Vision Transformers are a type of AI model that excels at analyzing and understanding images. In the context of the video, Vision Transformers are combined with a U-net to create UvIT, which is the architecture behind Vidu. This combination allows Vidu to generate high-quality images and maintain a clear understanding of the overall video structure.

💡U-net

U-net is an older type of AI model known for its proficiency in generating images. It is used in conjunction with Vision Transformers to form the UvIT architecture. The script mentions that by integrating U-net with Vision Transformers, Vidu is able to generate images that are not only coherent but also maintain a clear path from the first to the last frame of the video.

💡Long Skip Connections

Long skip connections are a feature of the UvIT architecture that allows the AI to understand the relationship between distant elements in a sequence, such as the first and last frames of a video. This feature is crucial for generating videos with a logical flow and is highlighted in the video script as a key differentiator between Vidu and other AI video generators.

💡DPM Solver

DPM Solver is one of the two papers that contribute to the UvIT architecture. It is mentioned in the video script as helping diffusion models make better predictions about future generations. Although the term is quite technical and related to the mathematical underpinnings of the AI model, it is essential for understanding how UvIT can generate coherent video sequences.

💡All Are Worth Words

All Are Worth Words is the second paper that contributes to the UvIT architecture. While still complex, it is less math-intensive than the DPM Solver and is more accessible to the script's narrator. The paper is significant because it is part of the foundation that allows Vidu to combine image analysis with image generation effectively.

💡AI Video Generation

AI video generation refers to the process by which artificial intelligence models create video content. The video script focuses on comparing different AI video generation models, specifically Vidu and Sora. It discusses the quality, coherence, and realism of the videos generated by these models, as well as the potential applications and limitations of AI-generated video content.

Highlights

A new AI video generator, potentially capable of competing with Sora, has been unveiled.
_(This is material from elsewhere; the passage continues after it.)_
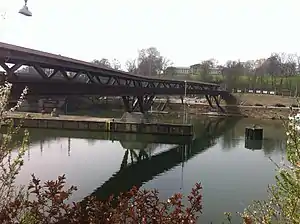 Neckarsteg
The AI, referred to as 'Vu', can generate video clips up to 16 seconds at 1080p resolution.

Vu's architecture is based on the Universal Video Transformer (UViT), combining Vision Transformers and U-Net.

UViT treats all elements, including time and conditions, as tokens and uses long skip connections for coherence.
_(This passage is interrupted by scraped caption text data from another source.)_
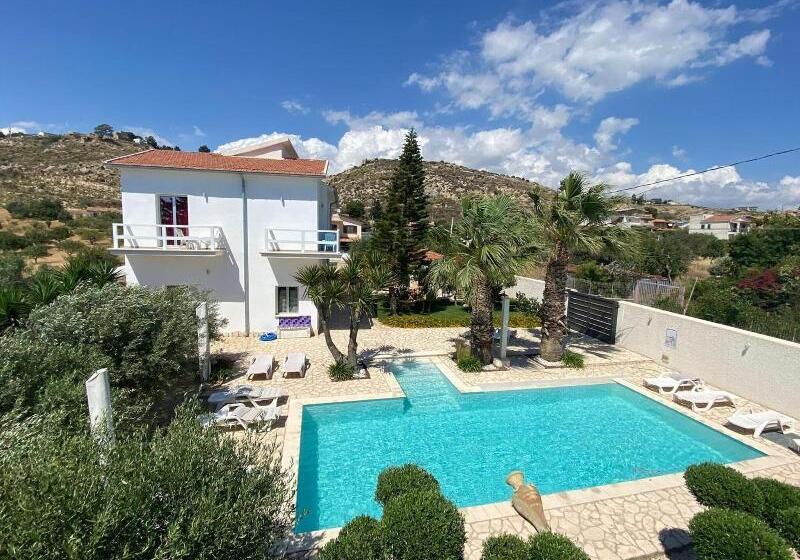 住宿加早餐 5 Elementi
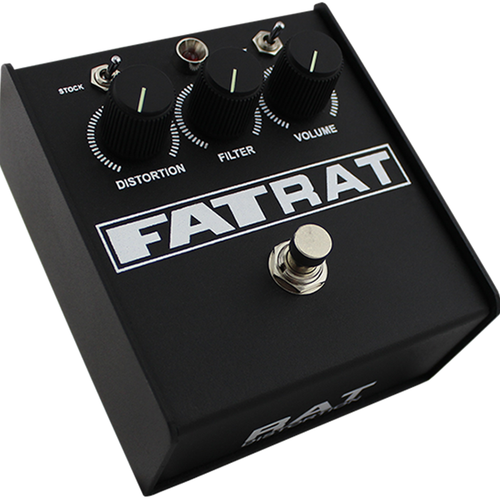 FAT RAT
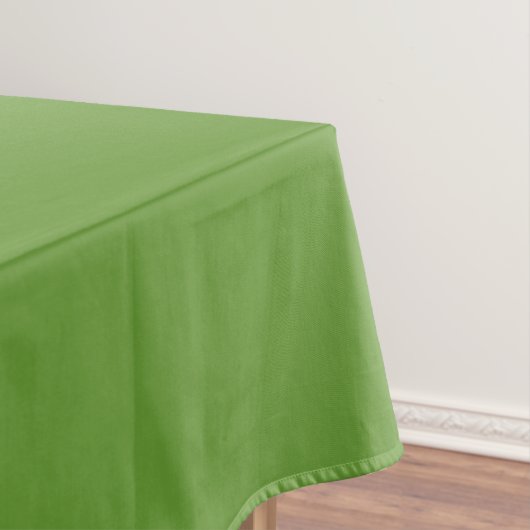 Avocado Groen Tafelkleed (Voorbeeld)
Vu's Sizzle reel directly references Sora, showcasing its intent to compete with the existing model.

Vu's video outputs are temporally coherent and maintain consistency throughout the generated clips.

A full 16-second clip of Vu's output references the TV screens from Sora's initial hype reel.

The visuals on the TVs in Vu's output are not as detailed as Sora's, but maintain a consistent aesthetic.

Vu's output of a panda bear playing guitar showcases its ability to generate coherent backgrounds and reactive shadows.

Vu's dissolves between shots in a beach vacation villa clip are reminiscent of Sora's transitions.

A comparison between Vu and Sora shows that while Sora's environment realism is slightly better, Vu maintains a real place feel.

Vu's Tokyo walk sequence, though short, shows comparable quality to Sora's model.

Sora's video generation requires significant post-production work to achieve consistency.

Paul Trello's VFX breakdown demonstrates the use of AI tools for creating compelling imagery in his short film.

Vidu's website offers a signup link, though the submit button may be temporarily non-functional due to high traffic.

Adobe's integration of Sora into Premiere and future plans for After Effects are discussed in an exclusive interview.

The speaker, Tim, emphasizes the potential of AI video generation technology to create compelling imagery despite its current limitations.